Tuesday, March 8, 2011

The Dog Days are Over...

So last time I posted it was a little sad right? Well here is the good news. Over the last two months since I last posted I was very blessed to be able to clearly see the wisdom in my husband being without a job and all the blessings that Heavenly Father bestowed upon us during the last year and 31 days. (Who was counting right?) It became very apparent the lessons I was to learn and quite frankly I was humbled beyond my own comprehension. Without going in to all the lessons in detail, basically I learned the benefit of wonderful friends, service, serving, patience, long suffering, faithfully serving in church and wisdom in trials.

I know most people think it is so ridiculous to be grateful for trials but this one I am grateful for and was before.... JAY GOT A NEW JOB!" Other trials, like loosing loved ones, specifically my mother not so much, but this one I am. I can't really express in words how grateful I am that my prayers were answered even though it wasn't what I was praying for. Heavenly Father does hear and answer our prayers in the ways that will benefit us the most.

Now details, Jeremy accepted a position for a local interactive design firm, (same type of work as before) as their Director of Technology. (please do not congratulate him on Facebook as he is continuing to grow his own business and doesn't want to compromise those relationships.)

I miss having him at home. It is so funny because the first 5 months were okay with him here, the next 4 months were AWFUL, and then the last 3 months it has just become normal and we have worked out all those kinks only to have him gone now. I miss him but I must say we are settling back into normal life quite nicely. He said to me tonight that he misses being able to come in and see me when he needs to go to the bathroom, grab a drink or food, or just to come chat. I miss it too but also am glad he is back to work.

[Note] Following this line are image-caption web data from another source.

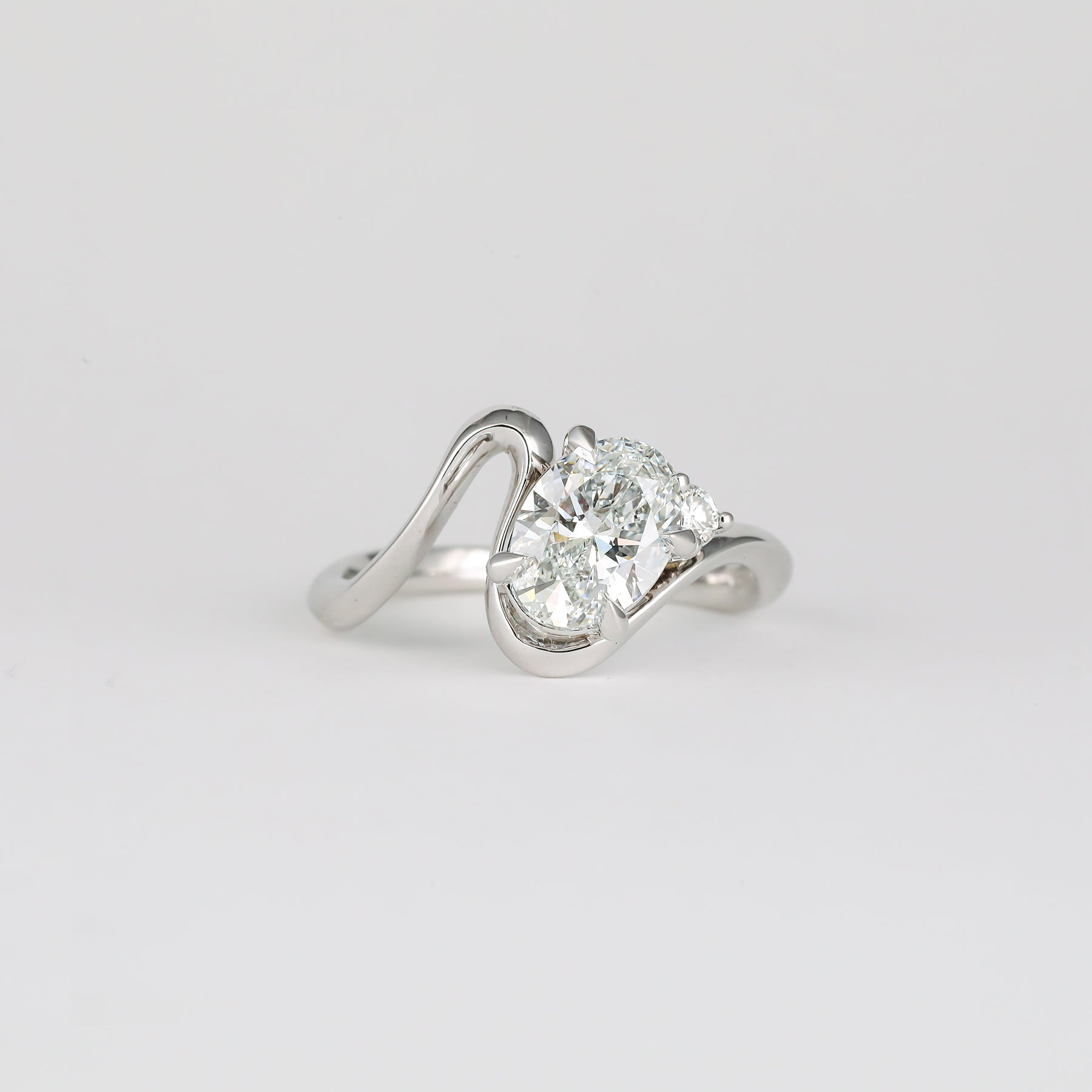 2 CT Emerald Pave Moissanite Engagement Ring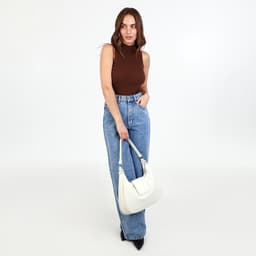 Сумка - мешок женская на молнии, 34×26×8 см, белая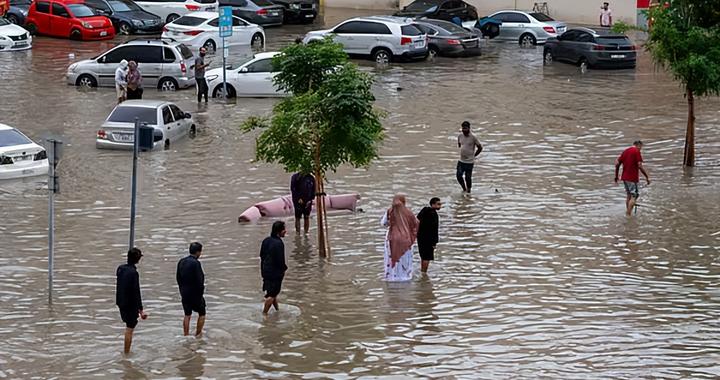 阿联酋迎来强降雨和雷暴天气，迪拜出现闪电，部分居民生活受影响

All is good here in the Riley household if not because of Jay's job then because Nicole is running and mainly doing kick-boxing. Yes I LOVE it and it is so fun... well after I move past the white light I see calling me home. For the first 45 minutes all I think about is my possible grandchildren and running in this big open field that I hope we have some day. What I say to myself? "Come on Marino, do it for those little ones, they need to love you more than the other grandma" I am suddenly filled with a burst of energy and I no longer see white light! :)

1 comment:

East Coast Jenny said...

I'm glad he got a new job and that things are getting back to "normal". P.S. I LOVE the last paragraph.